Hélas! il n'est que trop bien revenu pour frapper Orléans de nouveaux malheurs et de nouvelles ruines.

Il faut avoir vu l'occupation prussienne pour se douter des désespoirs, des haines qu'elle soulève sur son passage. Les maisons du faubourg Banier étaient pillées, et chacun, accablé de soldats à nourrir et de réquisitions à payer, voyait la ruine venir de jour en jour.

C'était en outre de perpétuelles taquineries. Les Prussiens étaient furieux de l'accueil qui leur était fait. Ils auraient voulu, ces Teutons barbares, qu'on les reçût à bras ouverts; ils s'étonnaient qu'on n'applaudît pas à leur passage, et que les dames en toilettes élégantes ne vinssent pas écouter la musique militaire qu'ils faisaient entendre sur la place Jeanne d'Arc.

Tout le monde était en deuil, les rues étaient désertes. Le soir, nul ne pouvait circuler dans la ville sans tenir une lanterne à la main. Quelques jeunes gens s'amusaient à attacher des lanternes vénitiennes aux pans de leurs habits, comme pour gouailler ces ordonnances ridicules de l'autorité prussienne. Mais Von der Tann ne goûtait pas la plaisanterie, il fallait céder, sous les ordres des barbares, cacher sa haine et son indignation au plus profond de son coeur.
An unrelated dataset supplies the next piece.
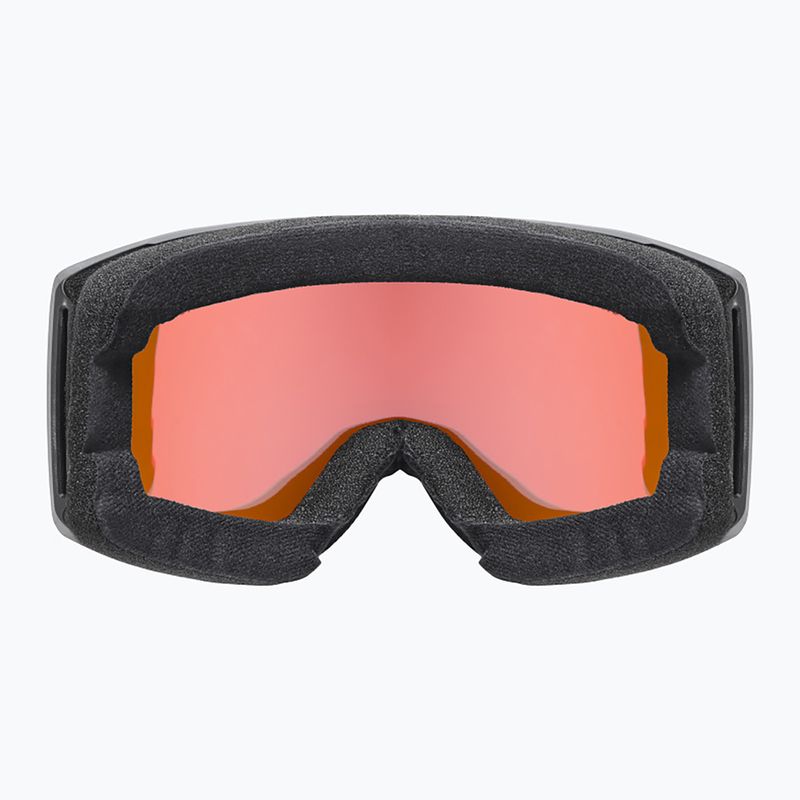 Skibrille UVEX Scenic FM S2 black matt/mirror red 3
Mardi 29 novembre.—Dès six heures du matin, nous commençons le gonflement du Jean-Bart, qui convenablement plié depuis la veille, attend sa ration de gaz. Notre chef d'équipe Jossec, un marin breton, a tout paré, suivant son expression navale, avec le plus grand soin; l'opération s'exécute dans les meilleures conditions. A deux heures de l'après-midi, le Jean-Bart arrondi, frais verni, brille au soleil comme une énorme pomme de rainette. Il tend ses câbles avec force et ne demande qu'à voltiger dans les nuages, mais il est cloué au rivage terrestre par des poids qui défient sa force ascensionnelle.

Ce n'a pas été sans peine que nous avons obtenu les réquisitions nécessaires à la fourniture du gaz; il a fallu aller voir le préfet, le maire, toutes les autorités; selon l'excellent usage administratif, ces fonctionnaires ont entravé nos projets d'une foule de petits obstacles qui, réunis, deviennent des montagnes à soulever. Mais nos campagnes aérostatiques faites sous l'Empire nous ont familiarisés avec les difficultés administratives, nous savons amadouer le garçon de bureau, qui consent à nous ouvrir le sanctuaire du secrétaire, d'où il n'y a plus qu'un pas à franchir pour pénétrer chez le maître. Celui-ci, préfet ou maire, ne manque pas de froncer le sourcil à notre demande de gaz; malgré les papiers dont nous sommes munis, malgré l'utilité incontestable de notre mission, malgré l'urgence commandée par les circonstances, son devoir d'administrateur dévoué lui impose des difficultés, qu'il trouve toujours.

—C'est très-grave, messieurs; qui payera le gaz? Est-ce la guerre, est-ce le département? Revenez dans une heure. Je vais étudier la question avant de vous donner la réquisition nécessaire.

On revient une heure après, trop heureux si l'on peut pénétrer dans le cabinet du fonctionnaire. Il n'a nullement songé à votre affaire, il y répond en homme qui l'a méditée. Il trouve là bien des irrégularités, mais, en vrai patriote, il vous donne l'ordre demandé. N'aurait-t-il pas été bien plus simple de le donner de suite? Les saintes règles de l'administration s'y opposent.

A midi le Jean-Bart va se mettre en marche. Jossec, et son compagnon Guillaume, regardent le ballon avec admiration. Tous deux sont sortis de Paris en ballon, sans avoir auparavant jamais vu l'admirable appareil dû au génie des Montgolfier. Ils ont déjà bravé la tempête et les vents furieux, mais l'aérostat leur a laissé un souvenir plus profond que celui du navire. Ils nous ont parlé avec enthousiasme de leur premier voyage aérien; en hommes énergiques et dévoués, ils sont devenus les plus chauds partisans de la navigation aérienne.

—Ah! Monsieur, me disait Jossec, quelle différence entre le ballon et le vaisseau!—Il n'y a plus dans la nacelle aérienne ni vent, ni roulis, ni tangage, et rien à faire qu'à admirer le ciel. Je veux renoncer à la marine et me faire aéronaute.